Statistical Parametric Synthesis

Building a CLUSTERGEN Statistical Parametric Synthesizer

This method, inspired the work of Keiichi Tokuda and NITECH's HMM Speech Synthesis Toolkit, is a method for building statistical parametric synthesizers from databases of natural speech. Although the result is still not as crisp as a well done unit selection voice, this method is much easier to get a nice clear synthetic voice that models the original speaker well.

Although this method is partially "tagged on" to the clunits method, it is actually quite independent. The tasks are as follows.

We assume you have read the rest of this chapter (though, in reality, we know you probably haven't), thus the descriptions here are quite minimal.

First make an empty directory and in it run the setup_cg setup command.

    mkdir cmu_us_awb_arctic
    cd cmu_us_awb_arctic
    $FESTVOXDIR/src/clustergen/setup_cg cmu us awb_arctic

In you already have an existing voice running setup_cg while only copy in the necessary files for clustergen, however I'd recommend starting from scratch as I don't know when you created your previous voice and I'm not sure of its exact state.

Now you need to get your waveform files and prompt file. Put your waveform files in the wav/ and your prompt file in etc/txt.done.data. Note you should probably use bin/get_wavs to copy the wavefiles so that they get power normalized and get changed to a reasonable format (16KHz, 16bit, RIFF format).

The next stage if to label the data. If you aren't very knowledgeable about labeling in clustergen, you should use the EHMM labeler. EHMM constructs the labels in the right format for segments and HMM states. and matches them properly with what the synthesizer generates for the prompts. Using other labels is likely to cause more problems. Even if you already have other labels use EHMM first.

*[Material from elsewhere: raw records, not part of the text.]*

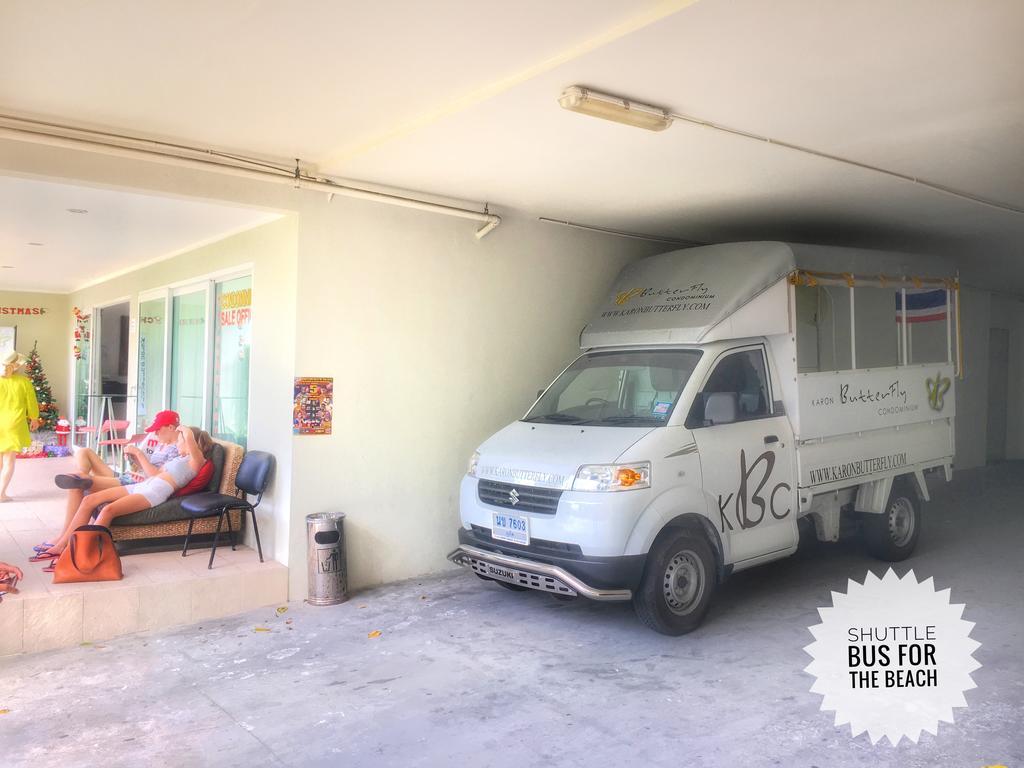 Ferienwohnung Karon Butterfly House Exterior foto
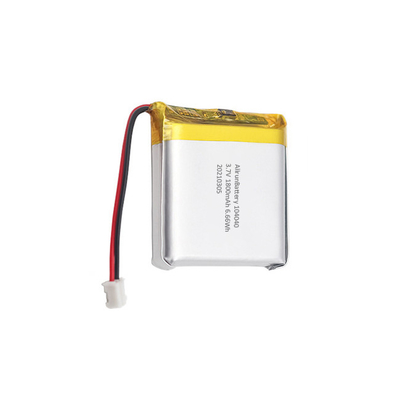 3.7V 1800mAh IoT बैटरी पैक स्क्वायर लिथियम पॉलिमर बैटरी पैक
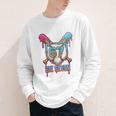 Baseball Drip Number 67 Player 6-7 Six Seven Meme Gen Alpha Youth Long Sleeve Tee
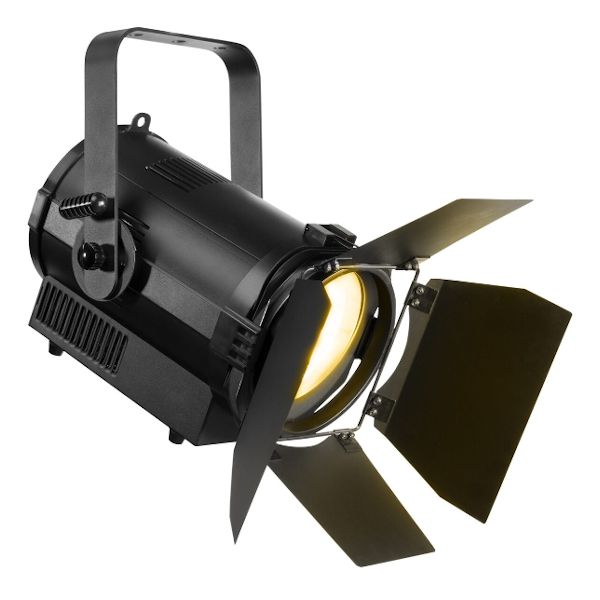 Beamz BTF100Z LED Fresnel Theatre Spot Light – White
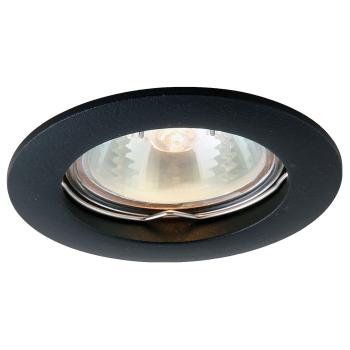 Встраиваемый светильник Arte Lamp Basic A2103PL-1BK Встраиваемый светильник Arte Lamp Basic A2103PL-1BK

    ./bin/do_build build_prompts
    ./bin/do_build label
    ./bin/do_build build_utts

The EHMM labeler has been shown to be very reliable, and can nicely deal with silence insertion. It isn't very fast though and will take several hours. You can check the file ehmm/mod/log100.txt to see the Baum-Welch iterations, there will probably be 20-30. The ARCTIC a-set takes about 3-4 hours to label.

Parametric synthesis require a reversible parameterization, this set up here uses a form of mel cepstrum, the same version that is used by NITECH's basic HTS build. Parameter build is in two parts building the F0 and building the mceps themselves. Then these are combined into a single parameter file for each utterance in the database.

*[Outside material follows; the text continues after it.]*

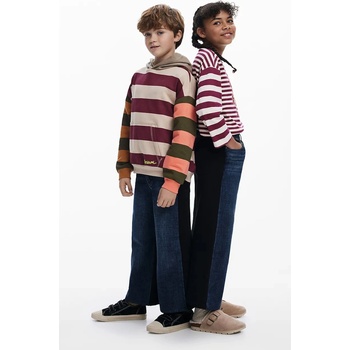 Desigual Детски памучен суичър Desigual (25WBSK05)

    ./bin/do_clustergen f0
    ./bin/do_clustergen mcep
    ./bin/do_clustergen combine_coeffs

The mcep part takes the longest. Note that the F0 part now tries to estimate the range of the F0 on the speaker and modifies parameters for the F0 extraction program. (The F0 params are saved in etc/f0.params.)

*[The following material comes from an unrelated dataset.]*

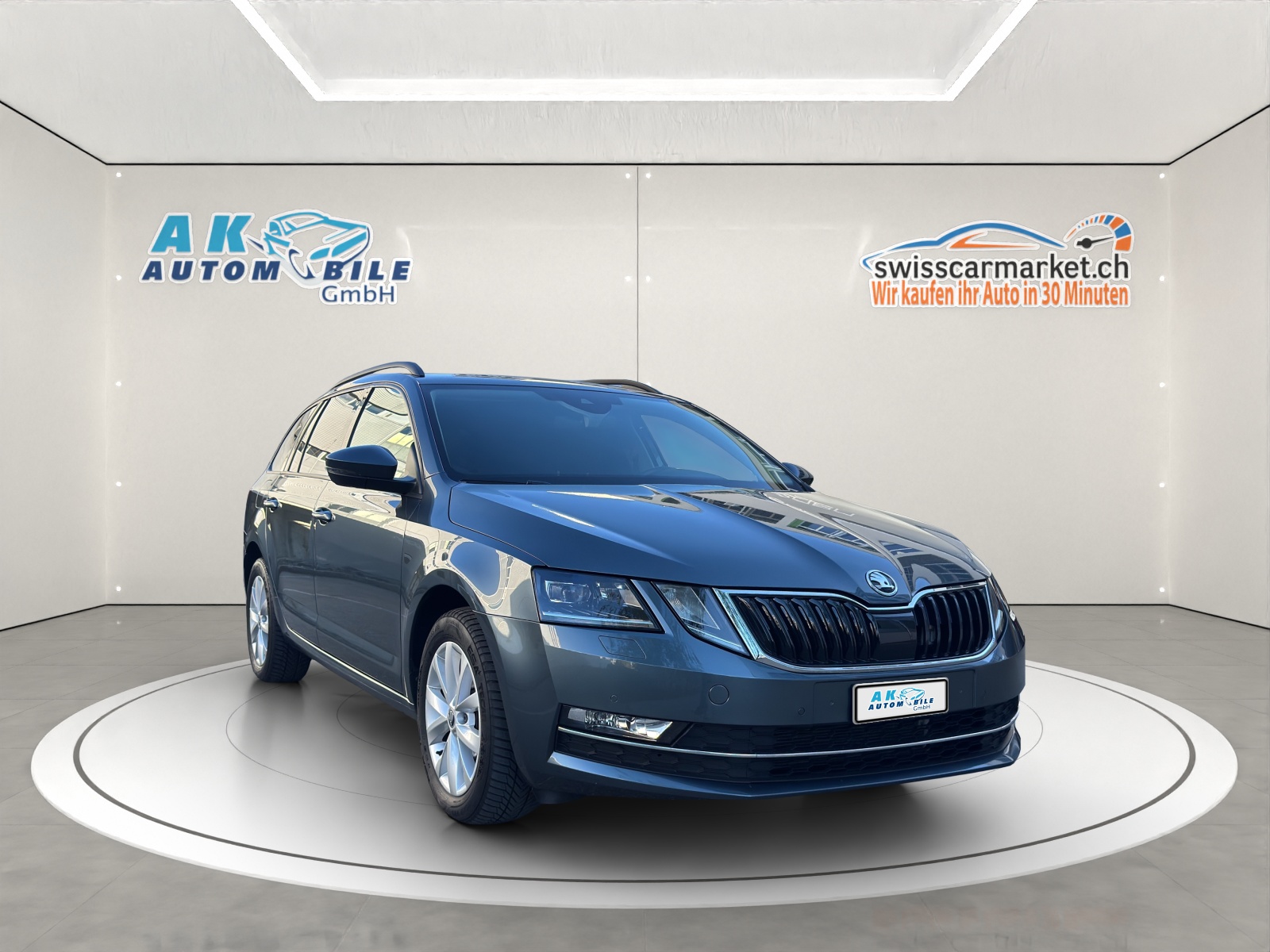 SKODA Octavia Combi 2.0 TDI Ambition 4x4 DSG-showroom-element-1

If you want to have a test set of utterances, you can separate out some of your prompt list. The test set should be put in the file etc/txt.done.data.test The follow commands will make a training and test set (every 10th prompt in the test set, the other 9 in the training set).

    ./bin/traintest etc/txt.done.data
    cat etc/txt.done.data.train >etc/txt.done.data

The next stage is to generate is to build the parametric model. There parts are required for this. This first is very quick and simply puts the state (and phone) names into their respective files. It assumes a file etc/statenames which is generate by EHMM. The second stage build the parametric models itself. The last builds a duration model for the state names

   ./bin/do_clustergen generate_statenames
   ./bin/do_clustergen cluster
   ./bin/do_clustergen dur

The resulting voice should now work

   festival festvox/cmu_us_awb_arctic_cg.scm
   ...
   festival> (voice_cmu_us_awb_arctic_cg)
   ...
   festival> (SayText "This is a little example.")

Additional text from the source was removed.